Exercise brief >> Repeat the data exactly as given below, dropping every picture.

[Saved entries]
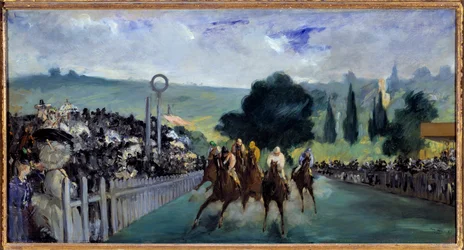 Las carreras de Longchamp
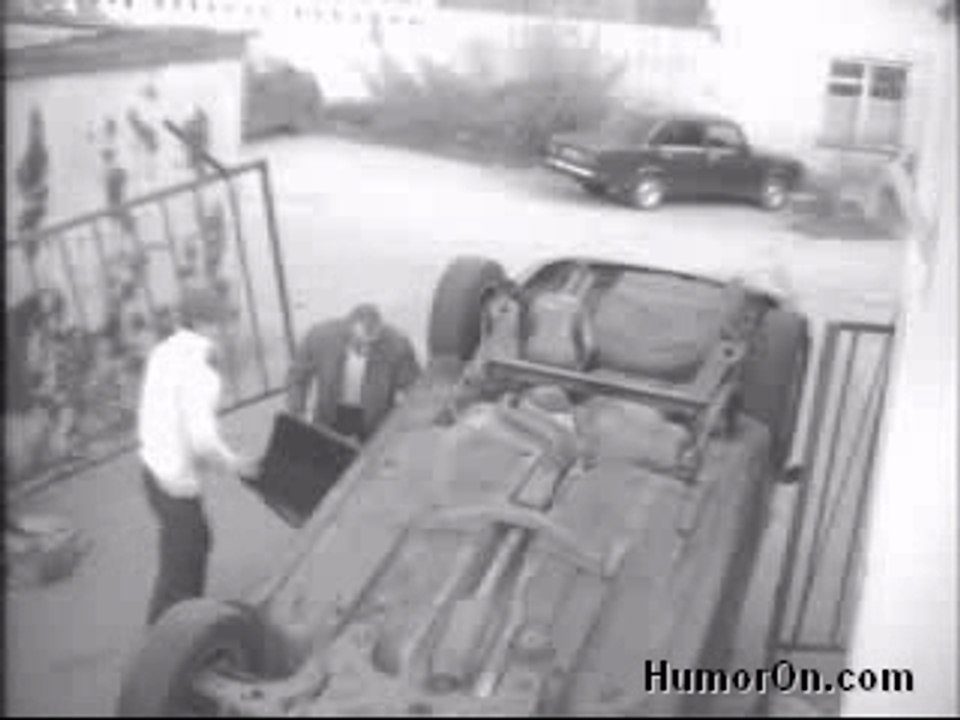 Femme au volant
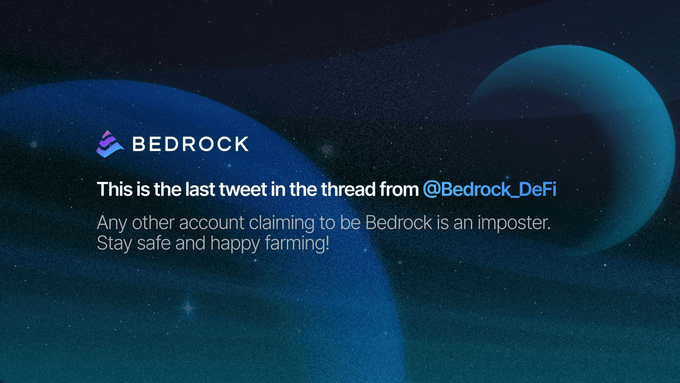 Bedrock | Liquid BTC Restaking 🟠 tweet media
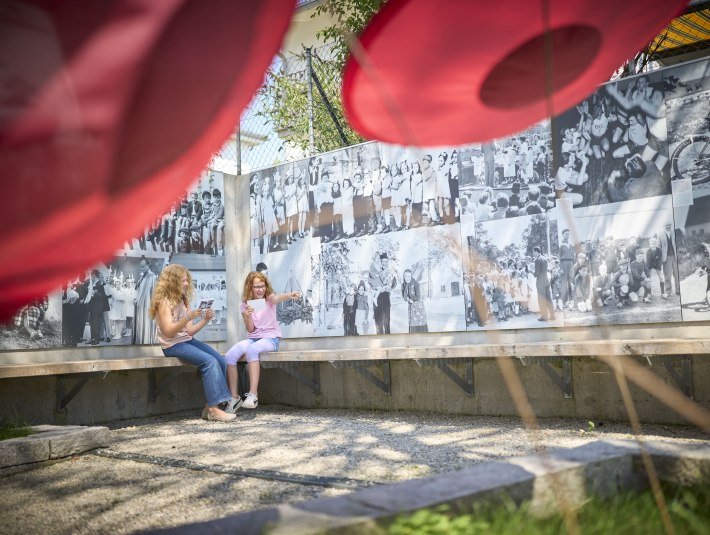 Die j&uuml;ngste Zeitgeschichte erleben - Blicke in Waldrams Vergangenheit, &copy; Jan Greune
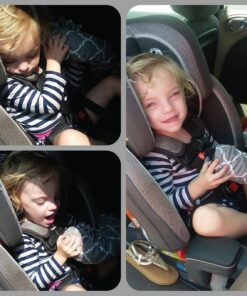 The Noggle, 8ft - Kid's Personal Air Conditioning System, Made in USA, Directs Cool Air to Children in The Backseat - Air Conditioning Vent Hose for Vehicles, Making The Back Seat Cool Again - Black 8 feet Black Ice 32 91wo5ph3TvL 1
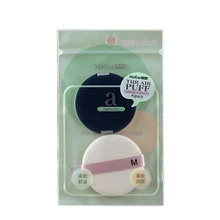 2 предмета высококачественной Косметическая подушечка натуральная Губка кожа не раздражает BB жидкий крем Основа слоеный макияж губка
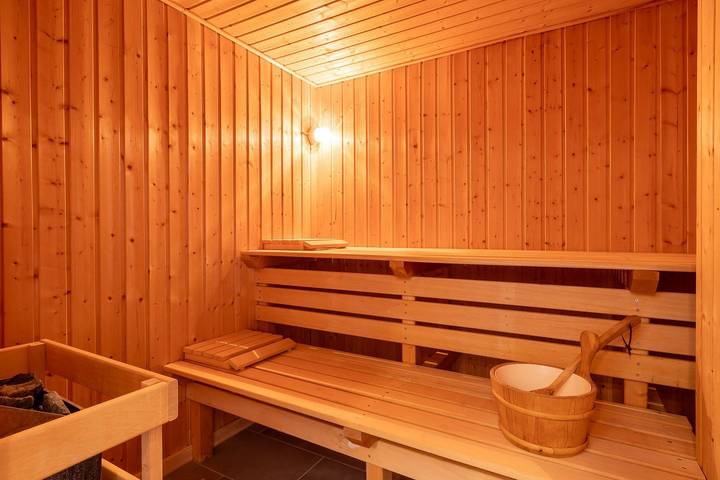 Ferienhaus für 4 Personen, mit Terrasse und Garten sowie Sauna und Ausblick in Wesselburenerkoog - 2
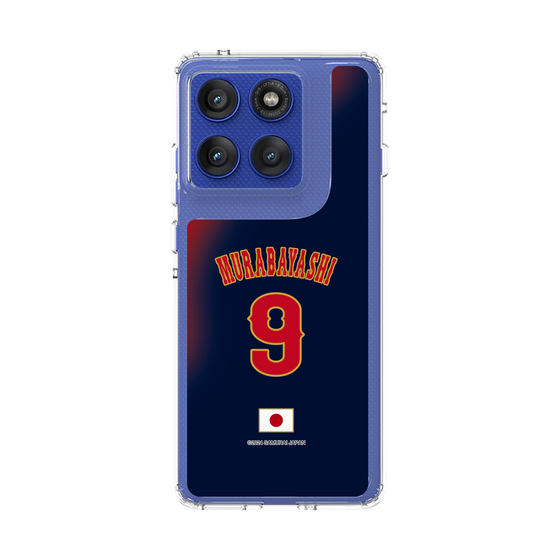 スリムプロテクションケース［ 侍ジャパン - ビジター #9 MURABAYASHI ］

Problem solution >>
 Las carreras de Longchamp
 Femme au volant
 Bedrock | Liquid BTC Restaking 🟠 tweet media
 Die j&uuml;ngste Zeitgeschichte erleben - Blicke in Waldrams Vergangenheit, &copy; Jan Greune
 The Noggle, 8ft - Kid's Personal Air Conditioning System, Made in USA, Directs Cool Air to Children in The Backseat - Air Conditioning Vent Hose for Vehicles, Making The Back Seat Cool Again - Black 8 feet Black Ice 32 91wo5ph3TvL 1
 2 предмета высококачественной Косметическая подушечка натуральная Губка кожа не раздражает BB жидкий крем Основа слоеный макияж губка
 Ferienhaus für 4 Personen, mit Terrasse und Garten sowie Sauna und Ausblick in Wesselburenerkoog - 2
 スリムプロテクションケース［ 侍ジャパン - ビジター #9 MURABAYASHI ］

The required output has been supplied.